Nel 1859 col padre Francescantonio e il fratello Pietro, che sarà membro del Governo Provvisorio, prepara la rivoluzione del 1860; è arrestato col padre perché in una perquisizione in casa s'eran trovati fucili, sciabole e coccarde tricolori.
È attivo nel Cilento, chiama alle armi e grazie alla notorietà politica dei del Mercato arruola ben 700 volontari inquadrati nel battaglione sotto il suo comando col grado di Maggiore, che con altri 3 costituiranno la Legione Salernitana, erede della Legione Italica, al comando del generale Fabrizi nell'esercito di Garibaldi.
Fa parte della dozzina di garibaldini (con Pietro e Gaetano)[1] che accompagnano la carrozza di Garibaldi da Salerno arrivando al Ponte della Maddalena e proseguendo fino al Palazzo Reale, prendendo possesso da soli di Napoli abbandonata dai Borboni.

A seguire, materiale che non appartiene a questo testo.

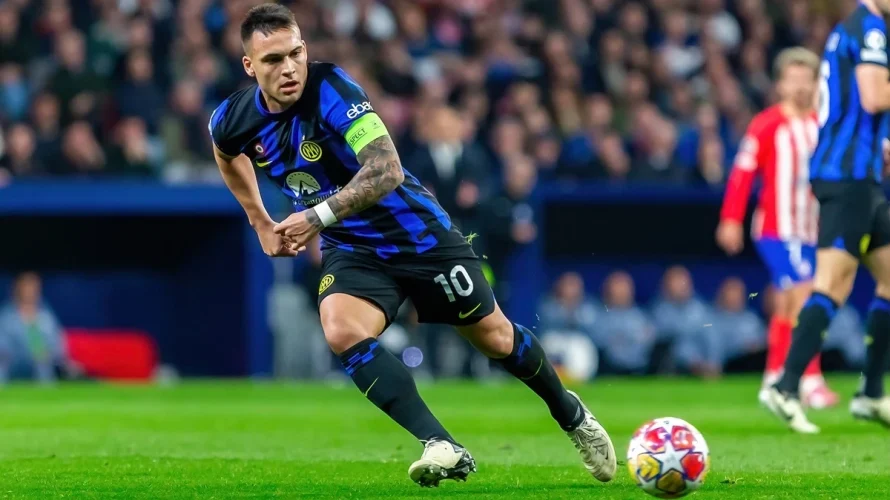Inter w niedzielę wieczorem zapewnił sobie tytuł mistrza Serie A. Poniżej oceny najważniejszych postaci, kt&oacute;re przyczyniły się do zdobycia 21. Scudetto klubu. Droga do tytułu Inter objął prowadzenie w tabeli kr&oacute;tko po Bożym Narodzeniu i już nie oddał pozycji, podczas [&hellip;]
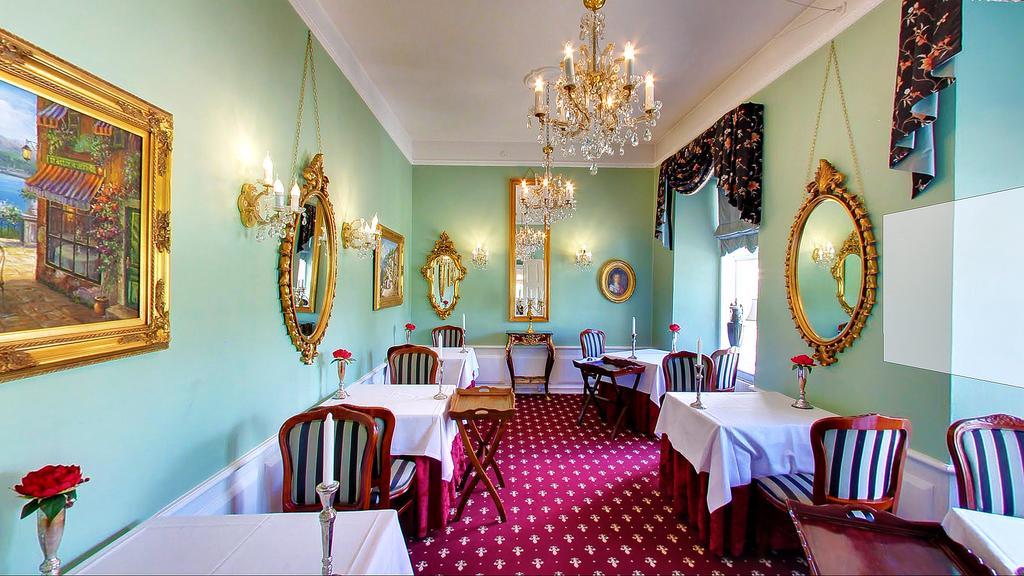 Store Restrup Manor House Bagian luar foto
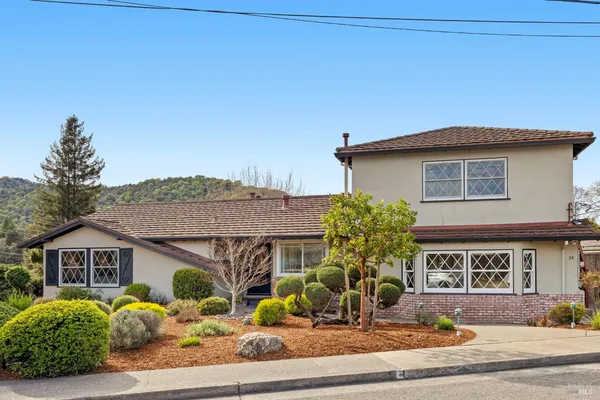$1,395,000 | 35 Corte Alta, Novato, CA 94949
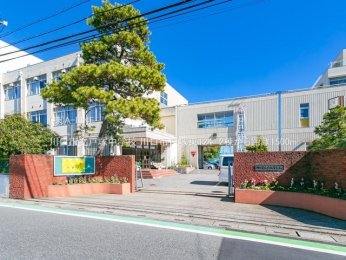 周辺環境　川口市立戸塚中学校1500m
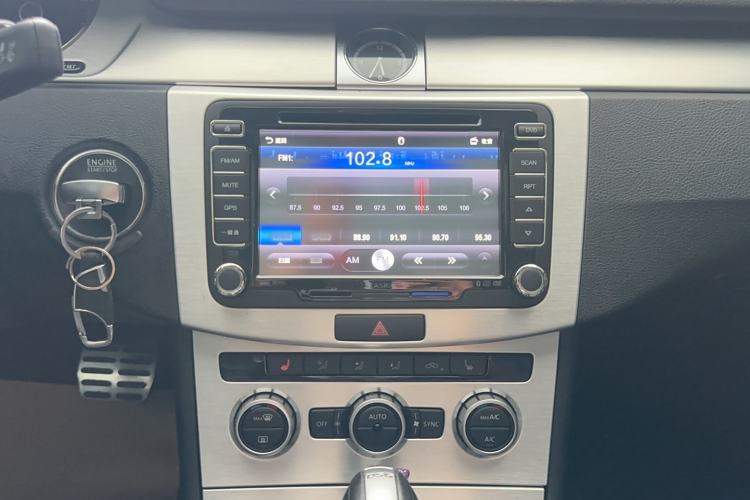 Used Volkswagen FAW-Volkswagen CC 2015 1.8TSI Prestige Model Audio And AC Panel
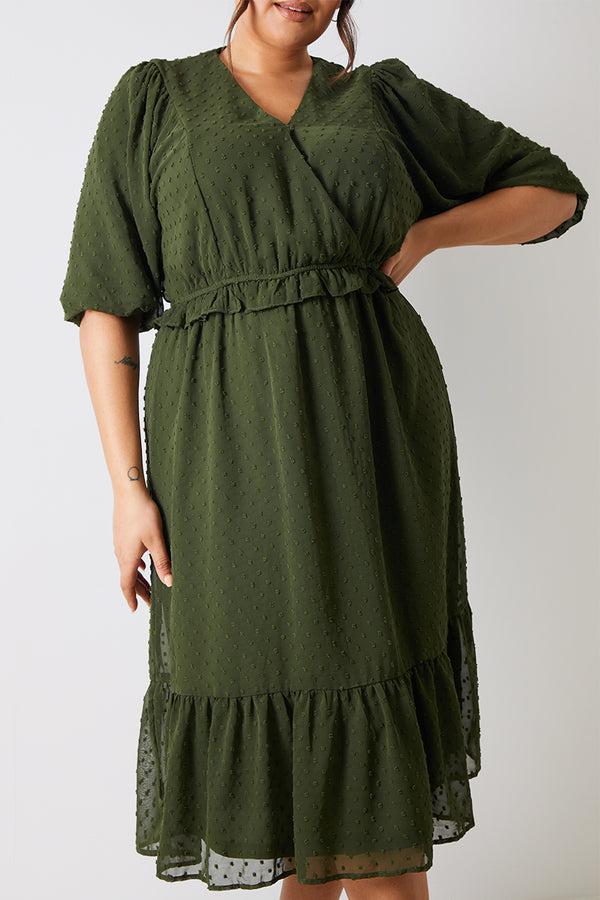 In The Style In The Style Dobby Chiffon Frill Detail Midi Dress Green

Successivamente al comando del suo battaglione prende parte alla battaglia del Volturno contro l'esercito borbonico, durante la quale, sotto il comando di Nino Bixio ai Ponti della Valle di Maddaloni (cfr.) alla testa del suo battaglione nella brigata Fabrizi, accorre a rintuzzare con decisivi assalti alla baionetta la fortissima controffensiva borbonica che aveva rotto le file garibaldine e rischiato di capovolgere l'esito della guerra.
Del pari notevole il suo ruolo nell'assedio di Capua tanto che finita la guerra gli viene affidato dal gen. Fabrizi il comando della Piazzaforte di Castellammare, delicata per la presenza dei Cantieri Navali, di molte maestranze operaie e possibili rivolte antiunitarie.
Tornato a Laureana rifiuta ogni privilegio offertogli per il suo grande contributo alla causa unitaria (sua la frase "non abbiamo fatta l'Italia per mangiarla"), financo il grado di colonnello nel Regio Esercito.
Col grado di Maggiore della Guardia Nazionale comanda il Circondario cilentano e conduce una forte lotta nei confronti del brigantaggio locale contro i contadini, che preferivano arrendersi a lui evitando la fucilazione sommaria da parte di bersaglieri e carabinieri; così il famoso Mìnico Nìuro (Domenico Nigro) si consegnò a lui purché fosse andato solo, così costrinse altri a liberare prigionieri e restituire beni, così da solo trattò con un gruppo di briganti che andarono a costituirsi nel suo palazzo.
Fu per molti anni sindaco di Laureana, cui donò vari terreni. In suo onore fu costituita la Società di Mutuo Soccorso Enrico del Mercato, società che erano associazioni repubblicane e socialiste.